- [Exercise instructions] The line bearing "FAW Toyota Crown", together with all lines after it to the end of the material, should be repeated exactly; leave out everything else.

====== Input records ======

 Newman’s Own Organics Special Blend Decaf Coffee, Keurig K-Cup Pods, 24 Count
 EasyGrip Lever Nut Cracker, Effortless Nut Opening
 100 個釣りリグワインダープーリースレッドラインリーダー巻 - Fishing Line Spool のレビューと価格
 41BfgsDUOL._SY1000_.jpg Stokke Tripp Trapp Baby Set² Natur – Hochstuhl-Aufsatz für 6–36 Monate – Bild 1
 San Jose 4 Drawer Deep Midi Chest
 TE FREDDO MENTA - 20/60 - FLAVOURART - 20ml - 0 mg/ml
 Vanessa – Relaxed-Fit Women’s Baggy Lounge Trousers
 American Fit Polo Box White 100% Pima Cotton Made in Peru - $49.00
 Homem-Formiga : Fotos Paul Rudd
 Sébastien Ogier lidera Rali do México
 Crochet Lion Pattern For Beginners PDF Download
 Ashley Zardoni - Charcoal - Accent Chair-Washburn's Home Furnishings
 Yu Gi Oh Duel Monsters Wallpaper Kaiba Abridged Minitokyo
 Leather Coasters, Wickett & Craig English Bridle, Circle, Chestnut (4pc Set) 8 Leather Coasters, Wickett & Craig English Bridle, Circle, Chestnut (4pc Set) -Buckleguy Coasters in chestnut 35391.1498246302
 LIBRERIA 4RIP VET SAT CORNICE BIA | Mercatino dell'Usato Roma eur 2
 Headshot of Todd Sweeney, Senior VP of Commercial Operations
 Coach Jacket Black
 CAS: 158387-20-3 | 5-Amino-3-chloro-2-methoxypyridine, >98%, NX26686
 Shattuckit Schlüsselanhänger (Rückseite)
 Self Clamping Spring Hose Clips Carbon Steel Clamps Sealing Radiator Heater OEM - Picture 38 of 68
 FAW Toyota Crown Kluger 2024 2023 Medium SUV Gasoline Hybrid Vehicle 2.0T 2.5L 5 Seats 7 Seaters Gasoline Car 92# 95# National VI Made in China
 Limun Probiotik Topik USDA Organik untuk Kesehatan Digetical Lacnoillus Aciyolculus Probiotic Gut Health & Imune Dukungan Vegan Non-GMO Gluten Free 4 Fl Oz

======

- [Result for this task]
 FAW Toyota Crown Kluger 2024 2023 Medium SUV Gasoline Hybrid Vehicle 2.0T 2.5L 5 Seats 7 Seaters Gasoline Car 92# 95# National VI Made in China
 Limun Probiotik Topik USDA Organik untuk Kesehatan Digetical Lacnoillus Aciyolculus Probiotic Gut Health & Imune Dukungan Vegan Non-GMO Gluten Free 4 Fl Oz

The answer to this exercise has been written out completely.